NI SIEMPRE ROJOS NI SIEMPRE AZULES
Hasta aquí llega el maniqueo. Nos resulta muy útil esta distinción de conservadores y progresistas como tipos ideales, como modelos, tal como hablamos de cristianos y musulmanes, o de personas enfermas y sanas, olvidando todos los matices, todos los híbridos y todas las combinaciones posibles, que son de hecho muchos y determinantes. La historia observó cómo los nazis alemanes promovían un diabólico modelo de exterminio de aquel que consideraban extraño, al tiempo que desarrollaban unas inclusivas políticas de protección de los que consideraban propios: no puede decirse que aquella aberración histórica fuera genuinamente conservadora, y menos aún progresista. Pero sí podemos decir que tenía elementos conservadores y elementos progresistas, y entendemos bien cuáles son unos y cuáles los otros. Al mismo tiempo veíamos a un presidente progresista como Roosevelt aplicar políticas nacionalistas muy conservadoras, como la promoción del consumo de productos nacionales, mientras promovía políticas económicas de corte socialista, como una intensa inversión pública siguiendo los consejos de Keynes.[32] Clinton, un progresista, redujo el déficit (una política aparentemente conservadora), y Bush, un conservador, luego lo elevó a niveles históricos. En España, Zapatero tuvo que adoptar políticas conservadoras de recortes de beneficios sociales, y Aznar no retrocedió (aunque tampoco las promoviera) en políticas sociales que estaban vigentes cuando llegó al poder. Hoy vemos a populistas de izquierda en Latinoamérica, como Chávez, mostrarse más nacionalistas y más religiosos que sus homólogos conservadores del continente, como Piñera en Chile o Santos en Colombia. Estos, a su vez, son más progresistas que aquellos autoritarios de izquierdas, en la defensa de los derechos sociales y políticos, o en la defensa de la laicidad del Estado, por ejemplo.

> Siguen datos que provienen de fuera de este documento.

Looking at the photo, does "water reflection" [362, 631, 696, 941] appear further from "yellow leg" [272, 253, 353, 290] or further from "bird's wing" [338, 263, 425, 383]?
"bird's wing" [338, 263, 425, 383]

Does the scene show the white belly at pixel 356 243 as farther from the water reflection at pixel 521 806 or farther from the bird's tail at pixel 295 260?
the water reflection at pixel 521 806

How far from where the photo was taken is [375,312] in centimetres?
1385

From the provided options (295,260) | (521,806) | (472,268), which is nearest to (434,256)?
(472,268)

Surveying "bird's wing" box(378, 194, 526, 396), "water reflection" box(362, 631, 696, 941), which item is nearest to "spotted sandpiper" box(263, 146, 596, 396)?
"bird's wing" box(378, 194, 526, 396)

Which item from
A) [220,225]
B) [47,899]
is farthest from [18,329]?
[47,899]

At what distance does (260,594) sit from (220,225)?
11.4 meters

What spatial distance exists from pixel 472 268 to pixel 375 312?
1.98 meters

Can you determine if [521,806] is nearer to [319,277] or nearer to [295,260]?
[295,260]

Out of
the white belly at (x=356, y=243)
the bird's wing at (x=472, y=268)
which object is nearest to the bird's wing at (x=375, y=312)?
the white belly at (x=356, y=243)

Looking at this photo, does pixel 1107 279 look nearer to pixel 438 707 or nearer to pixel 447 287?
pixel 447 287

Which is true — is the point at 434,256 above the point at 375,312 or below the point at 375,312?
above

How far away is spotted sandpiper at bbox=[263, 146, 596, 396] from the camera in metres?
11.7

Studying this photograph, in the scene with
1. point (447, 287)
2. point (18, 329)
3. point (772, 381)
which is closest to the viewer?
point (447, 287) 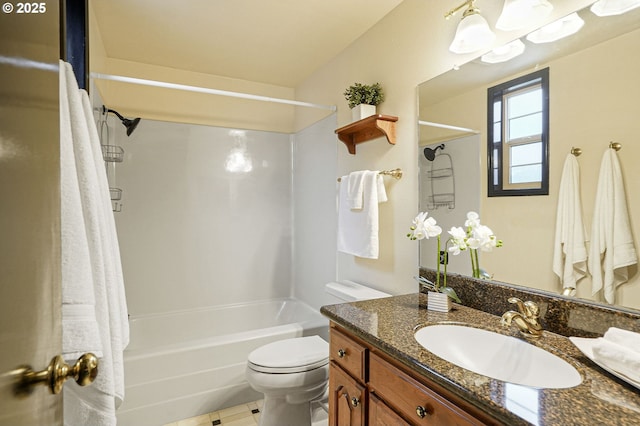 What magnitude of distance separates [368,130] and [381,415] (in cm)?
158

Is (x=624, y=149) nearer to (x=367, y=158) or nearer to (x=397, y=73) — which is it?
(x=397, y=73)

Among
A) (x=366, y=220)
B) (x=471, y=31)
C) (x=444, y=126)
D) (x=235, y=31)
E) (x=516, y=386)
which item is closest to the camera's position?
(x=516, y=386)

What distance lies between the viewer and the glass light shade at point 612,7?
38.8 inches

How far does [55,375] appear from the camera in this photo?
1.80 feet

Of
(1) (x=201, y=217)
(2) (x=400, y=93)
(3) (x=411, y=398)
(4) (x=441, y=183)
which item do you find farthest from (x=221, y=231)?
(3) (x=411, y=398)

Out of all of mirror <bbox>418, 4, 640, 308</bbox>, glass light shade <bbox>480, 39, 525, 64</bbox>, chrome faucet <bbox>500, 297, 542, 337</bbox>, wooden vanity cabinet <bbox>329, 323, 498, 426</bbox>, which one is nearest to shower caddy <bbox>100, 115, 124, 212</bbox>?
wooden vanity cabinet <bbox>329, 323, 498, 426</bbox>

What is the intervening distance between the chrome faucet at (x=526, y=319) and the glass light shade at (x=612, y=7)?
3.13 ft

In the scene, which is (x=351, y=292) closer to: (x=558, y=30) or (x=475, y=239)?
(x=475, y=239)

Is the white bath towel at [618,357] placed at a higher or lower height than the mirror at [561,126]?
lower

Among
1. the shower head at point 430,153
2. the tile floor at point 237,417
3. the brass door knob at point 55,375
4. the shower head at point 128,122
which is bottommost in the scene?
the tile floor at point 237,417

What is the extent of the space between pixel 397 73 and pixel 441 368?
1616 mm

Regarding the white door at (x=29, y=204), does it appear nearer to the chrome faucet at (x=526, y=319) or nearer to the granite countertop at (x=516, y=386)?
the granite countertop at (x=516, y=386)

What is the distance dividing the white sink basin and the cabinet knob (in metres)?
0.19

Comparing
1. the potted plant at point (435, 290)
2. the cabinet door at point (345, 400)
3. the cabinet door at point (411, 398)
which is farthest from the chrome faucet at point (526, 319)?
the cabinet door at point (345, 400) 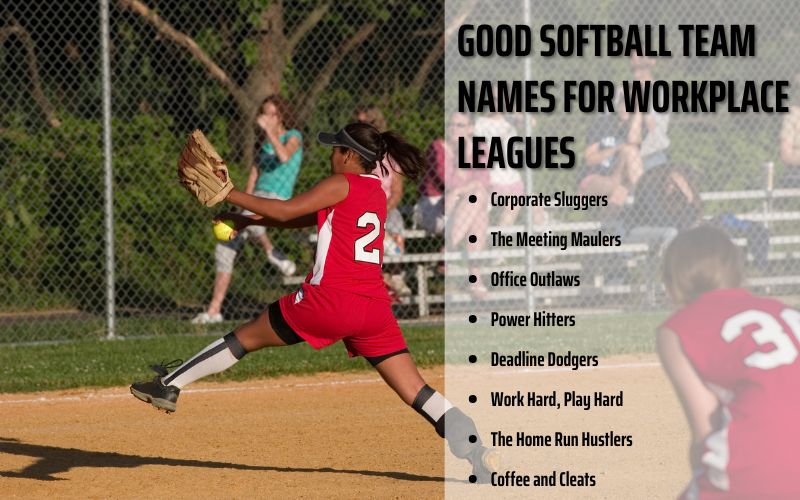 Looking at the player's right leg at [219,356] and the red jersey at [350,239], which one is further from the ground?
the red jersey at [350,239]

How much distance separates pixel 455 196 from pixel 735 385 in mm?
9256

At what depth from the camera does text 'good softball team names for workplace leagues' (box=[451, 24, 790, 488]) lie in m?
8.53

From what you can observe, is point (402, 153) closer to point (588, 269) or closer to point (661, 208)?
point (588, 269)

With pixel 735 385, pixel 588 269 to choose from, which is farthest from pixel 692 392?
pixel 588 269

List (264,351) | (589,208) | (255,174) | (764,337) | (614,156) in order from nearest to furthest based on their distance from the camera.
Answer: (764,337) < (264,351) < (255,174) < (614,156) < (589,208)

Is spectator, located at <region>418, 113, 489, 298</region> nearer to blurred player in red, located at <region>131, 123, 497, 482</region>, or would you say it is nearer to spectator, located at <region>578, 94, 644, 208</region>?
spectator, located at <region>578, 94, 644, 208</region>

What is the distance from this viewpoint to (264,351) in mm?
11352

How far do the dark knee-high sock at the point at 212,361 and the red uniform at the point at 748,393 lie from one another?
3270mm

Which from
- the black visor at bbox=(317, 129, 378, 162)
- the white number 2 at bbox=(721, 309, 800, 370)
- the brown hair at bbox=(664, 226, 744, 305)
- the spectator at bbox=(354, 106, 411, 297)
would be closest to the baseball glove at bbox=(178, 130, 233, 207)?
the black visor at bbox=(317, 129, 378, 162)

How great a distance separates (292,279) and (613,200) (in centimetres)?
321

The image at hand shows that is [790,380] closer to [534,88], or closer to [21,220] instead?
[534,88]

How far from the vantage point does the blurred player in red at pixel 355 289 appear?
6023 millimetres

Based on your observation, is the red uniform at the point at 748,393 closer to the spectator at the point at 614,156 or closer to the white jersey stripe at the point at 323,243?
the white jersey stripe at the point at 323,243

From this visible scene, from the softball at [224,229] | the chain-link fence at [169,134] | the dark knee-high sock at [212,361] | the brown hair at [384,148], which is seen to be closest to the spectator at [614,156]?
the chain-link fence at [169,134] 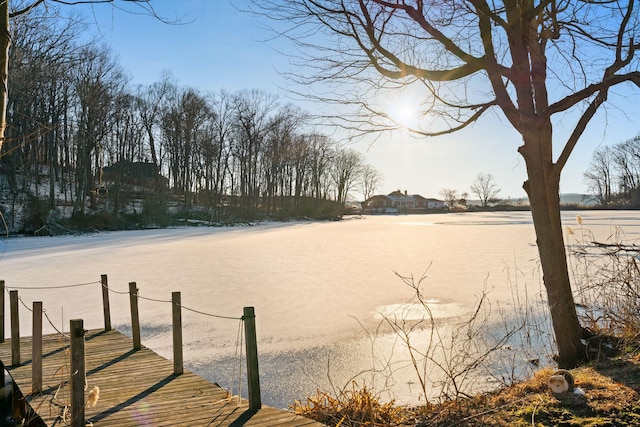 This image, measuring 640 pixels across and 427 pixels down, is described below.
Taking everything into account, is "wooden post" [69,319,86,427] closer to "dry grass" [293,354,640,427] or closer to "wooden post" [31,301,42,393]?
"wooden post" [31,301,42,393]

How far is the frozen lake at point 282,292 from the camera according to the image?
18.6 feet

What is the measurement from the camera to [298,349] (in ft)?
20.2

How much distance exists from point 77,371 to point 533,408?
126 inches

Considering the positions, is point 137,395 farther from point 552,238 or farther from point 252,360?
point 552,238

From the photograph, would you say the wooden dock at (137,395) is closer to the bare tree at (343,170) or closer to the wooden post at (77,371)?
the wooden post at (77,371)

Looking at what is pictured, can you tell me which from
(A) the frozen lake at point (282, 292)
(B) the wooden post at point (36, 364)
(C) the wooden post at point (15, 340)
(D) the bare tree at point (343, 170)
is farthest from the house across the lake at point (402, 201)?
(B) the wooden post at point (36, 364)

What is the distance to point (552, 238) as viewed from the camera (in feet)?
15.9

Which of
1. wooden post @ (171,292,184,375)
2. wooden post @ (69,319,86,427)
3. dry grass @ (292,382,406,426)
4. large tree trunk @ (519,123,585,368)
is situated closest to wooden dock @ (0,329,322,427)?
wooden post @ (171,292,184,375)

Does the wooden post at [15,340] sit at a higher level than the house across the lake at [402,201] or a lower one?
lower

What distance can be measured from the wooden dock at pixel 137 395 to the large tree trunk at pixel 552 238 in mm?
3144

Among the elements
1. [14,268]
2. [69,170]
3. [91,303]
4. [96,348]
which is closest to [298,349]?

Lo mismo pasa con la gente común. Es difícil imaginar a una mujer cien por cien progresista o a un hombre cien por cien conservador, como lo es imaginar a una persona cien por cien judía o cien por cien sana, por ejemplo. Hay infinidad de puntos intermedios, y de hecho hay amplísimos grupos de población que no se sienten ni conservadores ni progresistas. En España, como en toda Europa, en torno a una cuarta parte de la población no se identifica con esas etiquetas;[33] en Estados Unidos, un tercio de la población se dice «independiente»; en buena parte de Latinoamérica, ni siquiera se utilizan frecuentemente esas palabras.
Sin embargo, esos conceptos resultan muy útiles como tipos ideales, y para entender cómo entiende la gente la política y cómo se aplican los líderes en su comunicación. Para describir la eterna tensión entre lo nuevo y lo viejo, la identidad y la diferencia, el mérito individual y la solidaridad, la sociedad y el individuo, y así sucesivamente. Los dos conceptos, conservadurismo y progresismo, resultan no solo útiles, sino también necesarios, para dar cuenta de esas tensiones y su traslación a la política y su manejo desde ella.
Es necesario entender qué hay detrás de esos dos imaginarios convencionalmente llamados «conservadurismo» y «progresismo» tal como, utilizando una metáfora, es útil saber qué significa «B» y qué significa «13», si bien la diferencia entre ambos, a causa de las trampas y fascinantes cualidades del lenguaje, puede pasar desapercibida.